Эти самообвинения продолжались и на следующий день:
После того, что я слышал вчера, после того, что ето в самом деле правда, могу ли я и надеяться быть щастливым? Но опять забудусь, опять буду радоваться жизнию, опять все пойдет по старому. О, творец! Творец! Но я преступник, призывая тебя.
Dieses Herz ist nun todt, aus ihm fließen keine Entzückungen mehr, und meine Sinnen, die nicht mehr erquickenden Thränen gelabt werden, ziehen ängstlich meine Stirn zusammen [А теперь мое сердце умерло! Оно больше не источает восторгов, глаза мои сухи, чувства не омыты отрадными слезами, и потому тревожно хмурится чело (нем.; пер. Н. Касаткиной)] (Там же, 40–40 об.).
Последний фрагмент представляет собой цитату из письма от 3 ноября из второй части «Страданий юного Вертера», приведенную по памяти с небольшими выпусками и неточностями. Тургенев несколько раз цитировал в дневниках это письмо, открывающееся признанием героя, что он «часто ложится в постель с желанием, а порой и с надеждой никогда не проснуться» (Гете 1978: 78). Любовная интрига, начатая, чтобы сменить поведенческую модель и эмоциональные матрицы, возвращала его к проверенным образцам.

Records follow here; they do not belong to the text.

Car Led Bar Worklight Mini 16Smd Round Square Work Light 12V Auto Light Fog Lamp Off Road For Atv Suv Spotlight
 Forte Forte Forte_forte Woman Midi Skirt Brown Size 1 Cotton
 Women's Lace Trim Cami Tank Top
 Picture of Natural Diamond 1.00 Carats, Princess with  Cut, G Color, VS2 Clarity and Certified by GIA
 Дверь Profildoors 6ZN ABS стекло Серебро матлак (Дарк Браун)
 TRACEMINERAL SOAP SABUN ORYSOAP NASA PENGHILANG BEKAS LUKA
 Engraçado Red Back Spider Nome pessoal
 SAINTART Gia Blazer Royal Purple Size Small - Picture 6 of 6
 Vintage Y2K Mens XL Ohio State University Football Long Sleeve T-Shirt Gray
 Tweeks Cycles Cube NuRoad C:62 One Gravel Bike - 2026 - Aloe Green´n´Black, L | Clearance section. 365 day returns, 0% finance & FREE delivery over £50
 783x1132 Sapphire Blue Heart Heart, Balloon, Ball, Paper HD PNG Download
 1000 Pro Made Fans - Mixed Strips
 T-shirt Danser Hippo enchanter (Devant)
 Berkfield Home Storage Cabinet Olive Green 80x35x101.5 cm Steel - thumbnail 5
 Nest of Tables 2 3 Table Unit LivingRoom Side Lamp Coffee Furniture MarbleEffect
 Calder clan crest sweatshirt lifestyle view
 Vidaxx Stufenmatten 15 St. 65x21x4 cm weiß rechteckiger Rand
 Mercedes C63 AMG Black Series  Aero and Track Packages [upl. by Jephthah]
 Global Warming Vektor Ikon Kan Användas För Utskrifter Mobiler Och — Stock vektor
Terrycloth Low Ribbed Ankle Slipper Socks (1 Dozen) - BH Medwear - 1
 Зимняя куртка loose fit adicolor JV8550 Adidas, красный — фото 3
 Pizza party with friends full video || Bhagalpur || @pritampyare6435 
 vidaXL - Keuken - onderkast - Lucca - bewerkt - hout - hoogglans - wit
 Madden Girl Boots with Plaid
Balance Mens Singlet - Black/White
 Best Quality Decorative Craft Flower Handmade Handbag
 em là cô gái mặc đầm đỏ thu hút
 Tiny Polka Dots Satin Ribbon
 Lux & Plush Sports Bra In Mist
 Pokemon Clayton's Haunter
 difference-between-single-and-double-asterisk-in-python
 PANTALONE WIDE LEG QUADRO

К конце его пребывания в Вене мысли о смерти все чаще появляются в дневниках и письмах Тургенева. 31 декабря, накануне русского Нового года, он писал Жуковскому:
Душа моя в сии минуты исполнена горести, и я не рад своему существованию. О, как спокойно ничтожество и как иногда не желать его! Брат! Все прошедшее, давное и недавное, смешалось вместе в голове моей и живо мне представилось. Тронутая душа моя стремится в него, о, как оно интересно со всеми своими радостями и горестями, с тем временем и теми днями, которые видели меня младенцем! Тихие, блаженные дни! Укройте меня от настоящего и от будущего. Вас нет, вас и никогда не будет (ЖРК: 418).